Today is a great day – and you know what that means. I watched a good movie. But, in fact, today is an amazing day because I watched a movie that has, undoubtedly, become one of my favorites. I watched it twice and I’m still in awe and, once again, why haven’t anyone told me that Jake Gyllenhaal is one of my favorite actors? I vaguely remember his performance in The Day After Tomorrow but when I saw him in Nightcrawler, which was the first movie where I witnessed his skills for real, I was amazed. And remember how I gushed about Nightcrawler? Well, Prisoners is a few levels beyond that so I guess you already know my final verdict – 5 out of 5. This is the first time I reveal that in the first paragraph but hey, at least you know what to expect.
Prisoners is about two couples Keller and Grace, and Franklin and Nancy who face every parent’s worst nightmare – their respective 6-year-old girls Anna and Joy get kidnapped while the families celebrate Thanksgiving together. The families believe that the kidnapper lives in a camper van that was seen in their neighbourhood the same day but, according to the police, the resident, the mentally childlike Alex Jones cannot be a suspect as his IQ is too low and he is mentally handicapped. However, Keller is still certain that Alex has something to do with the abduction and he decides to take action himself since he believes that Loki is just wasting time. As Keller tries to protect his family and rescue his little girl, things get more and more intense and the story get more hypnotizing.

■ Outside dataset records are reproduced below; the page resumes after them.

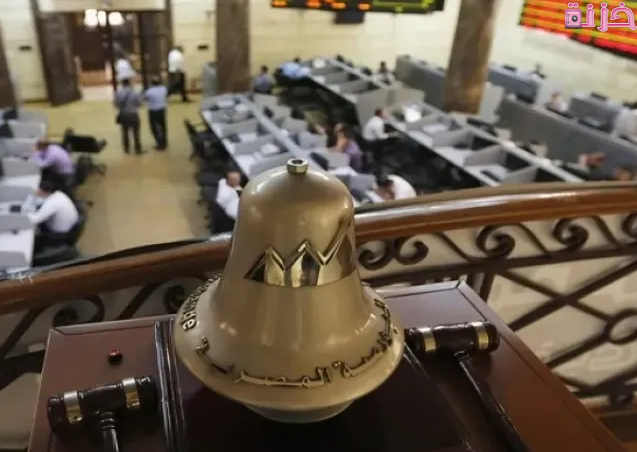 طريقة الاستثمار في البورصة المصرية وأقل مبلغ للمبتدئين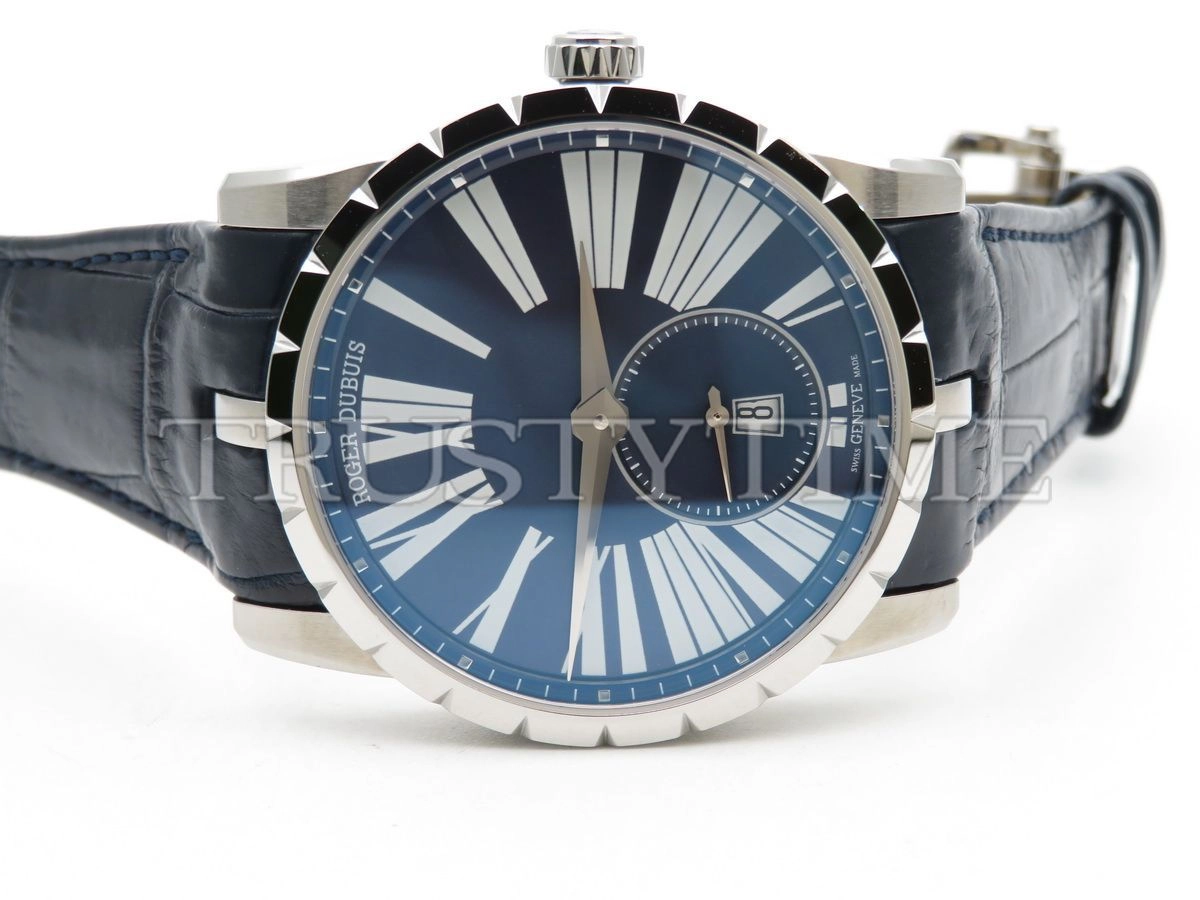 Копия часов Roger Dubuis Excalibur 42mm RDDBEX0535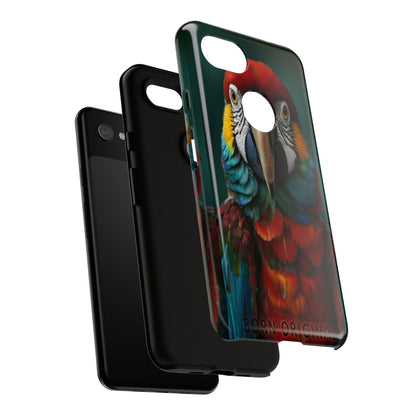 "Born Original" Mobile Phone Case
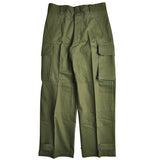 HOUSTON - FRENCH ARMY M-47 PANTS #1985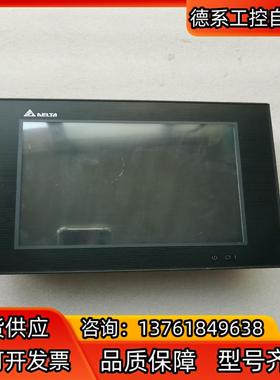 DOP-B08E515台达触摸屏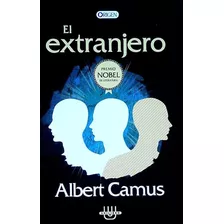 El Extranjero / Albert Camus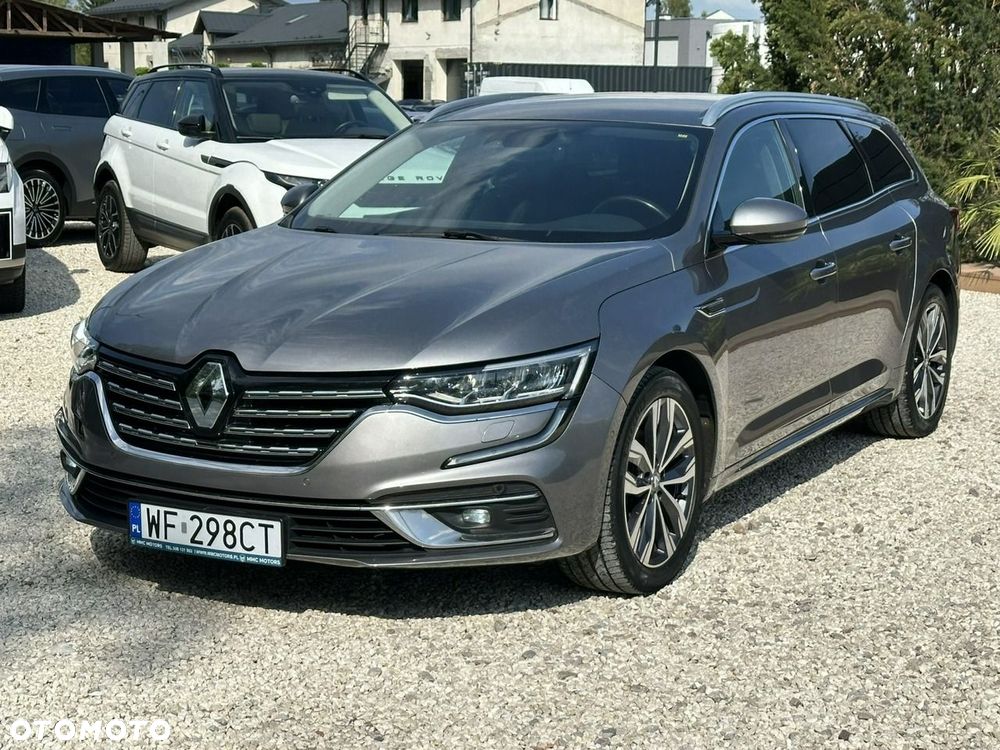 Renault Talisman 1.3 TCe FAP Intens EDC - 3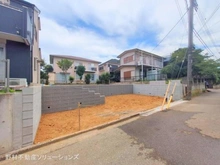 【千葉県/船橋市八木が谷】船橋市八木が谷3丁目 新築一戸建て 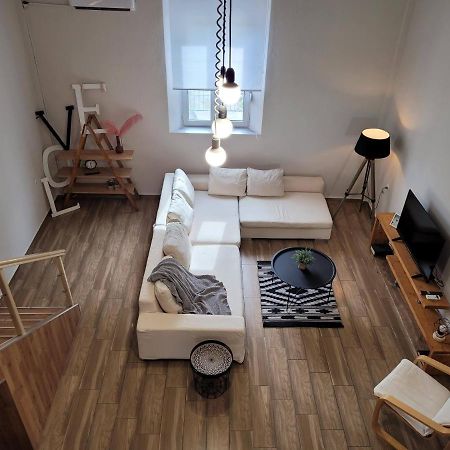 Vila Kazerma Ηομε Rhodes City Exteriér fotografie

I use the term “hypnotized” because that’s exactly how you feel watching this 2h30m long masterpiece. You forget about the length and you just want to know what happens next. The story itself unfolds at a very slow pace, which might bore some people, but I believe that the performance of the cast members keeps you engaged. And, let me tell ya’, I don’t think I have used the F-word so many times in my life – obviously the surprised/shocked version of the F-word. When a movie is so long, you need it to be dynamic and full of events that will keep you on the edge of your seat, and Prisoners does just that. It plays with your feelings in a very dramatic way so that you physically feel the desperation about getting to know who the real abductor is. The movie also excels at constantly changing your opinion on the characters – especially Keller and Alex – so be prepared. And when you finally start disliking a person, you start feeling sorry for them. All these feelings and emotions Prisoners provokes are food for my crime/thriller loving soul! The mindgames go on until the very last scene but the movie has a very open ending that leaves you completely clueless of what might/could/should happen but, for me, it’s an opportunity to create your own ending – be it happy or tragic.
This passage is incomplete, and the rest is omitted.